Dataset content.
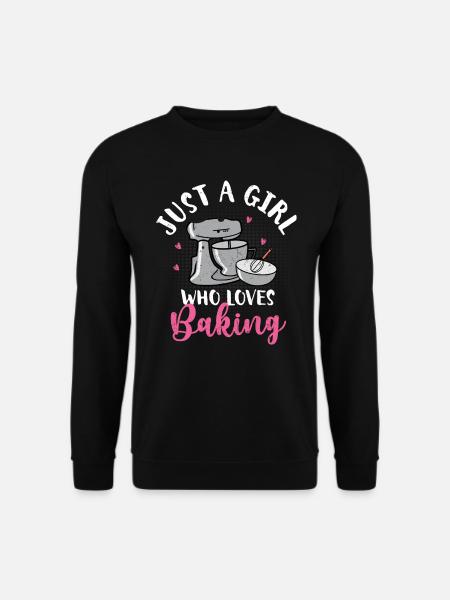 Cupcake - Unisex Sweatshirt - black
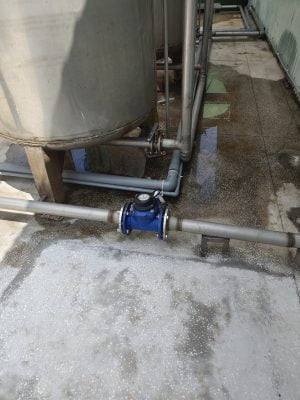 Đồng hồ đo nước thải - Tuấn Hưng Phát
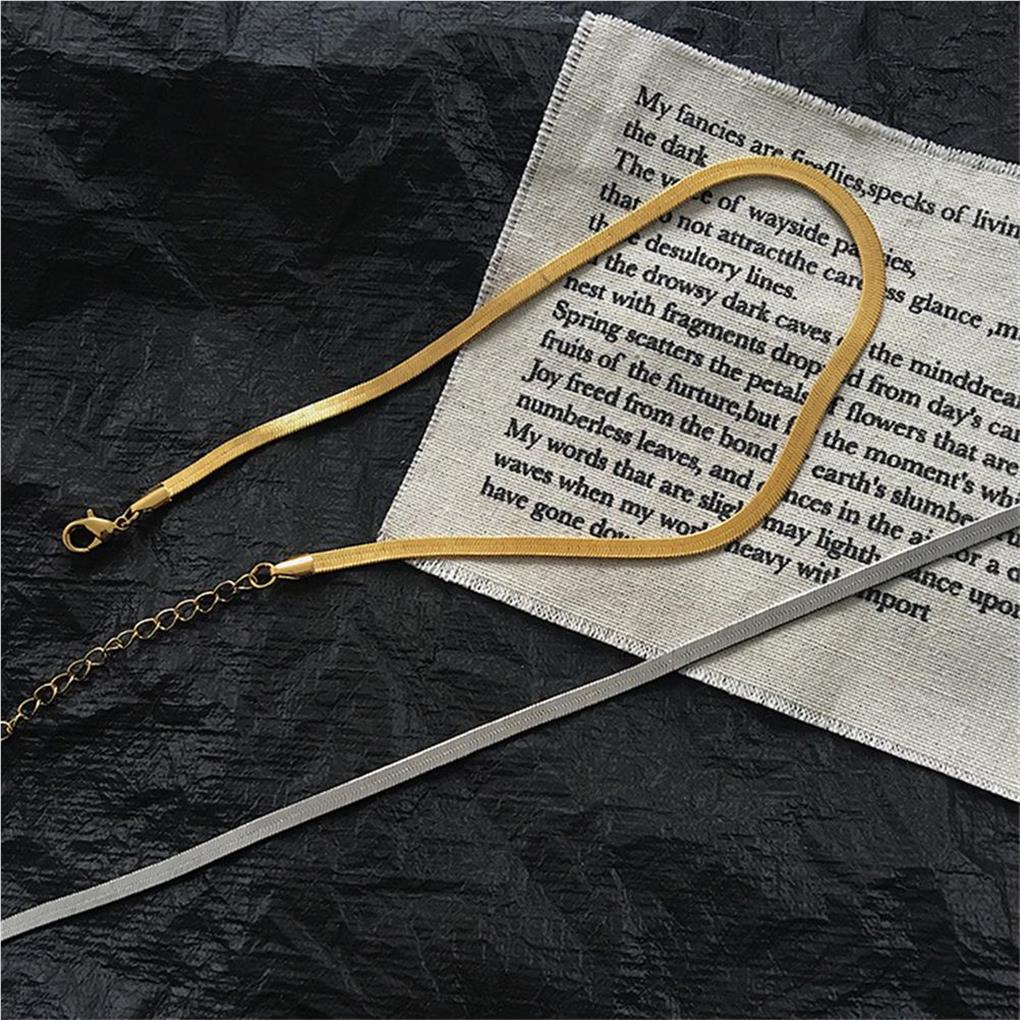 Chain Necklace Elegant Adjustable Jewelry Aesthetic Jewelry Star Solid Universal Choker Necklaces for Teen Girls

Exercise directions. An exact, word-for-word version of the material is required, free of pictures.

Task response.
 Cupcake - Unisex Sweatshirt - black
 Đồng hồ đo nước thải - Tuấn Hưng Phát
 Chain Necklace Elegant Adjustable Jewelry Aesthetic Jewelry Star Solid Universal Choker Necklaces for Teen Girls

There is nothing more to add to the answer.